The first count, that of perjury, would have carried a maximum of seven years’ imprisonment and related to his successful 2012 libel action against Lalit Modi, the founder of the IPL, at the High Court in London.
In the course of the libel trial, Cairns stated that he had “never” cheated at cricket, and nor would he contemplate doing so, a statement that attracted the interests of the Crown Prosecution Service in the wake of leaked testimony given by his former team-mates, Lou Vincent and McCullum, to the ICC’s anti-corruption and security unit (ACSU).
McCullum told MCC members at Lord’s that he stood by the evidence he gave at the trial but condemned his first interview a member of the ICC’s anti-corruption unit as “casual”.
He said of the official: “[He] took notes –– he did not record our conversation. He said he would get what I said down on paper and that it would probably end up at the bottom of the file with nothing eventuating.
“Looking back on this, I am very surprised by what I perceive to be a very casual approach to gathering evidence. I was reporting two approaches by a former international star of the game. I was not asked to elaborate on anything I said and I signed a statement that was essentially nothing more than a skeleton outline.”

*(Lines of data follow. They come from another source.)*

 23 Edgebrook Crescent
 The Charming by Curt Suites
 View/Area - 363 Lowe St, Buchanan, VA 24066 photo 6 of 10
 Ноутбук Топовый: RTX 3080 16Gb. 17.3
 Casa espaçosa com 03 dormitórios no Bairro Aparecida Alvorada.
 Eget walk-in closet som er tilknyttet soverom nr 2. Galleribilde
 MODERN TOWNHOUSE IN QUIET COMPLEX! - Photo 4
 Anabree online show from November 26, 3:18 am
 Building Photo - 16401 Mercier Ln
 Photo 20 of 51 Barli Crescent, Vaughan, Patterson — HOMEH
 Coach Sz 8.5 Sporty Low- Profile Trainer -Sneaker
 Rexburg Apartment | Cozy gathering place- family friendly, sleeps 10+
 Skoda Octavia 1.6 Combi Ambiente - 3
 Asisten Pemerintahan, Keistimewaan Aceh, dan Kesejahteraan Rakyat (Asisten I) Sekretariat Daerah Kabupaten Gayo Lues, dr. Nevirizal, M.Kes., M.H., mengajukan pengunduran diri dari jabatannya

McCullum made three statements in all, offering progressive detail, and said of his third statement to the Metropolitan Police: “Suffice to say, they were streets ahead in terms of professionalism. They asked me so many questions, testing my memory, and took a much more comprehensive brief.”
McCullum went on: “I don’t think either of us could ever have foreseen that my first statement would be used in a perjury trial in London four years after it was made. But the point I wish to make is that it must have been feasible that I would have to give evidence somewhere, sometime. I think players deserve better from the ICC and that, in the future, the evidence gathering exercise has to be much more thorough, more professional.
“In my opinion a person taking a statement should ensure that the witness is advised about what may occur – that if evidence were to be given in the future and the witness did not put everything in that initial statement or changed what they said in any way, then this would likely impact on their credibility.
“When I made my first statement to the ICC, my impression was that it would be put in the bottom draw and never see the light of day again. No attempt was made to elicit a full and comprehensive statement from me on that occasion.”
Referring to his “moral obligation” to give evidence, McCullum said: “I do wish that the ICC had handled my initial approach more professionally.”
McCullum also complained that his evidence was leaked to the Daily Mail. “No witness who has provided evidence to the ICC should ever have to go through such a scenario again. The leak has never been explained to me; to my knowledge no one has been held accountable and, in those circumstances, it is difficult to have confidence in the ICC,” he said.
“To report an approach and to give evidence requires considerable courage – players deserve much better. How can the game’s governing body expect players to co-operate with it when it is then responsible for leaking confidential statements to the media?
“It goes without saying that if players do not have confidence in the organisation, they will be reluctant to report approaches and the game is worse off. If we are to get rid of the scourge of match-fixing, a robust governing body is essential.”